Jonathan Newell finds out how industrial and medical engineering combine to improve point of use patient care.
Schaeffler and Siemens are working together to create a system to move computer tomography machines to patients in trauma wards.
The Computer Tomography (CT) scanner is unquestionably one of the greatest life-saving creations of modern healthcare developments, but the devices suffer from one not-so-small problem – they are enormous and heavy.
Consequently, they have always been fixed in one location and the precise positional accuracy that’s required is achieved by moving the patient into the machine, which is fine for routine diagnostic procedures but not so good for diagnosing trauma victims.
According to Wolfgang Reith, a doctor of medicine and director of the Diagnostic and Interventional Neuroradiology clinic at the Saarland University Hospital in Homburg, brain damage caused by a stroke, a hemorrhage or trauma causes two million neurons to die every minute. “Too much time is wasted when patients have to be moved from the emergency unit to a specialist department so that the condition of their blood vessels can be checked using an imaging process,” he said.
Placing an additional CT scanner in the trauma unit results in expensive under-utilisation and so medical diagnostic equipment specialists at Siemens decided to tackle the problem by enabling the machinery to be moved to the patient. For this, they enlisted the help of motion specialist company, Schaeffler.
The mechatronics drive system that Schaeffler designed includes a rail guidance system, a floor module, drive technology, a cable column and a ceiling cassette, which guides all of the supply lines required by the CT machine.
The drive electronics for the rail guidance system were also supplied by Schaeffler and the combination of precise electronic control with fine tolerance mechanical guidance enables the CT scanner to achieve the demanding specification on positioning.

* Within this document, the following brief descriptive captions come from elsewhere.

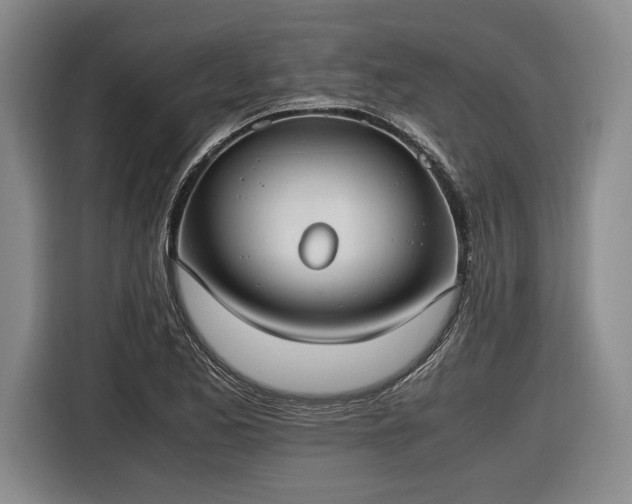 X0000116461173200912161226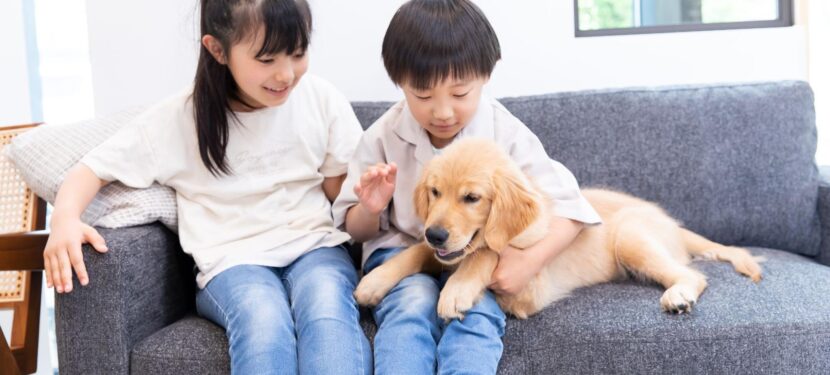 ペットを飼うとアレルギーは悪化する？ペットと子どもの体質の関係、知っておきたい本当の話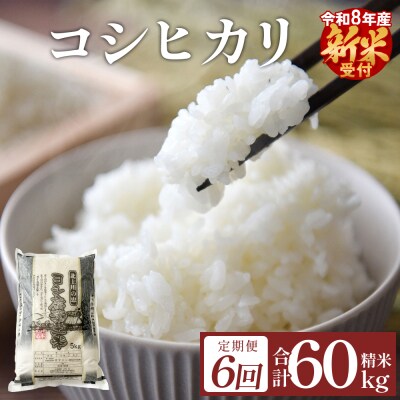 令和8年産 定期便 精米 60kg (10kg×6回発送) コシヒカリ 新米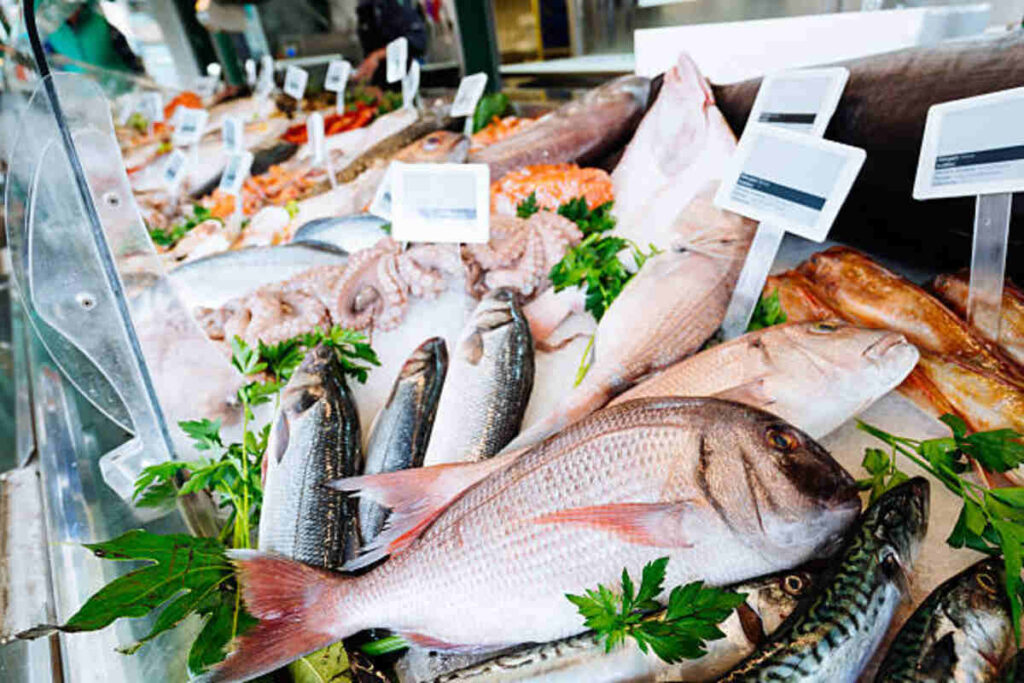 Fish Shop Near Me in Kolkata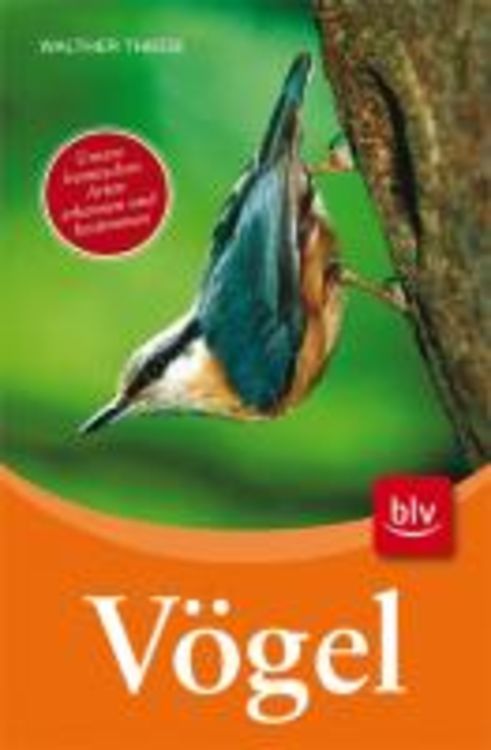 Vögel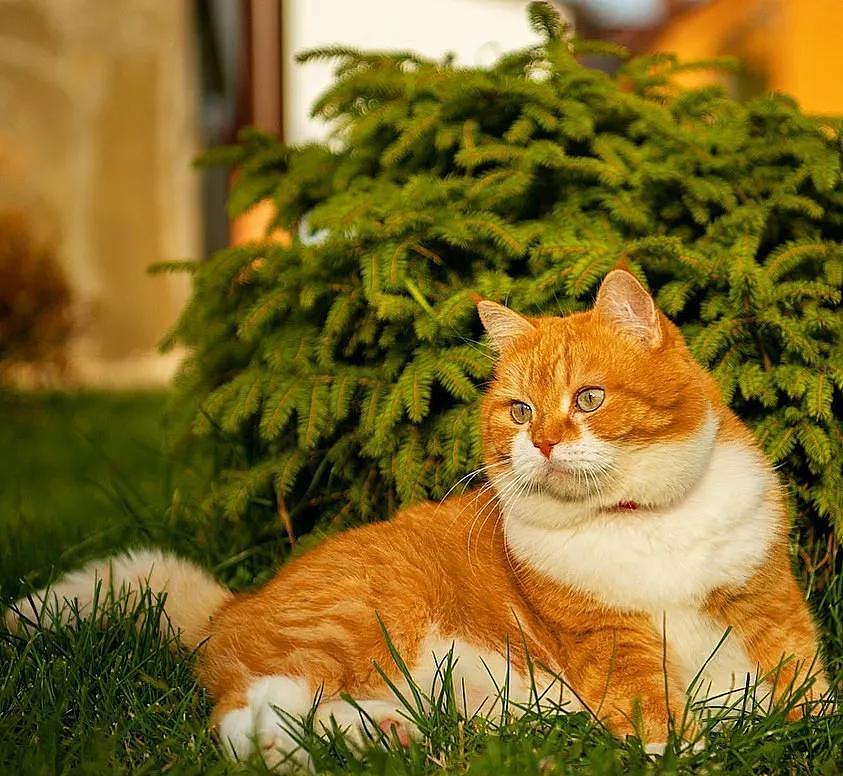 即使你阅猫无数，见到这只橘猫也会心动，真的太美了 - 21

The existing practice of moving the patient within the scanner involves low mass and small distances. However, when moving the scanner, the dynamics are entirely different; yet Schaeffler was able to achieve tolerances of less than 0.5mm on reaching the CT machine’s target position, regardless of whether the machine has travelled a few centimetres or several metres. The speed at which the extremely heavy CT machine is moved can be from 1mm/s to 120mm/s, which again must not affect the target position. Additionally, it must also be brought to a complete stop within 10mm if its impact protection system identifies an obstruction in its travel path.
Commenting on the significance of this achievement, Henning Dombek, Vice President of System Solutions at Schaeffler Linear Technology said, “The Sliding Gantry system developed by Siemens and Schaeffler is the first travel drive in the world to fulfill these requirements.”
Saving diagnostic and surgery time
The travelling CT scanner has now found its niche in highly dynamic and time-critical casualty departments. In cases where diagnostic imaging suites are sited adjacent to trauma assessment areas, the machinery can now be “wheeled in” as required, saving vital time in analysing trauma and starting the appropriate treatment as well as benefitting from improved utilisation across both areas.
Additionally, operating theatres can also benefit from the technology. Dr Christoph Dickmann, product manager at Siemens Healthcare, explained how the sliding gantry opens up new possibilities when it comes to CT imaging in the operating room.
“When invasive treatment is carried out in or on blood vessels, the doctor must immediately recognise whether the treatment has been successful. At the same time, the operating team also has the space it needs, since the mobile CT machine can simply be moved out of the way when necessary,” he said.
In order to suit different installations, the sliding gantry is designed by Schaeffler using an intelligently-configured modular system of components and sub-systems from which the company can currently produce as many as 1600 variations on the design.